### DATA EXTRACT

┏━━

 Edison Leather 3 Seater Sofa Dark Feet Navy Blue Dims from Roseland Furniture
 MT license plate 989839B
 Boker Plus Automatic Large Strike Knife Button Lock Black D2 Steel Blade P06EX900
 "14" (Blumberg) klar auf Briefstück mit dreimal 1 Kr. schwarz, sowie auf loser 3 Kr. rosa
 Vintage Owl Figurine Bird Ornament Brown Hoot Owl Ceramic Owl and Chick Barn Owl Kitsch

┗━━
┏━━

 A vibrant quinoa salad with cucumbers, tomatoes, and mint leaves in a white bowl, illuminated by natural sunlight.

┗━━
┏━━

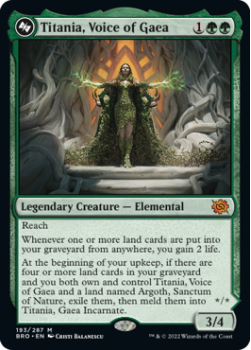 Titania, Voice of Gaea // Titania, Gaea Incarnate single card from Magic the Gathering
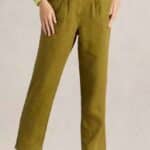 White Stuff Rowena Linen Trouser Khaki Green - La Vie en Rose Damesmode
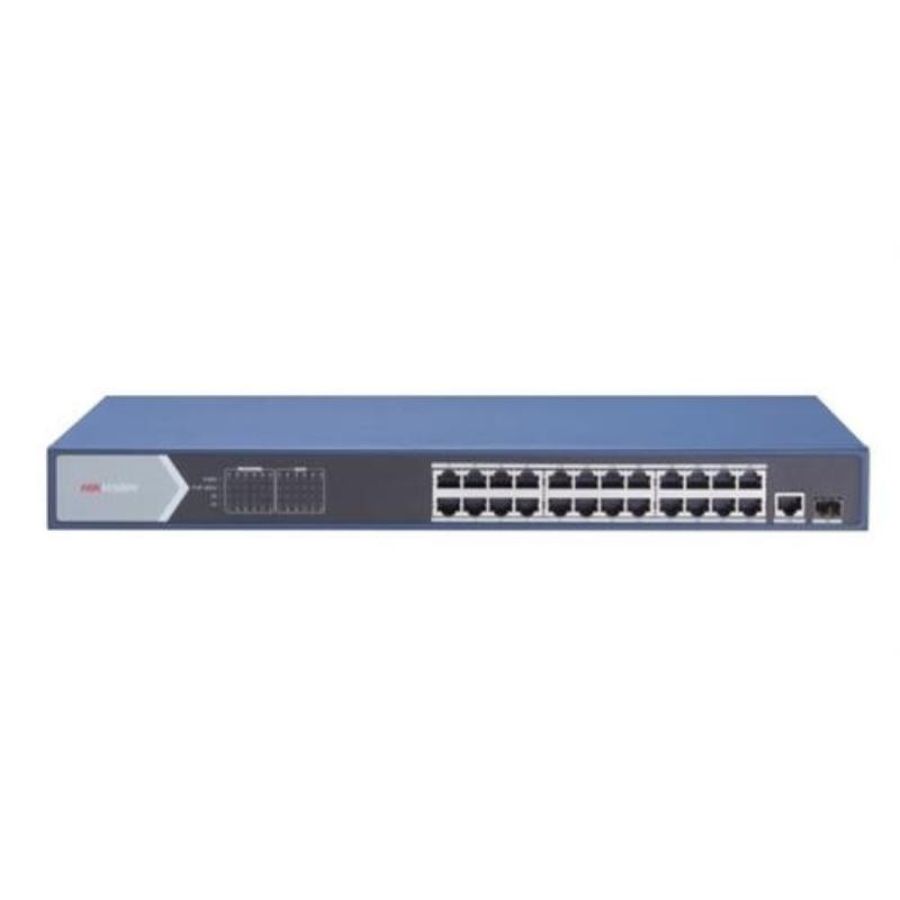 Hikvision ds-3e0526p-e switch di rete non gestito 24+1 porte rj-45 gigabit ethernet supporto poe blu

┗━━

### WHAT THE TASK REQUIRES
Retype only this portion of the data above: the line containing "Edison Leather 3", the line containing "Vintage Owl Figurine", and all lines between them, exactly.

### SOLUTION FOR THIS EXERCISE
 Edison Leather 3 Seater Sofa Dark Feet Navy Blue Dims from Roseland Furniture
 MT license plate 989839B
 Boker Plus Automatic Large Strike Knife Button Lock Black D2 Steel Blade P06EX900
 "14" (Blumberg) klar auf Briefstück mit dreimal 1 Kr. schwarz, sowie auf loser 3 Kr. rosa
 Vintage Owl Figurine Bird Ornament Brown Hoot Owl Ceramic Owl and Chick Barn Owl Kitsch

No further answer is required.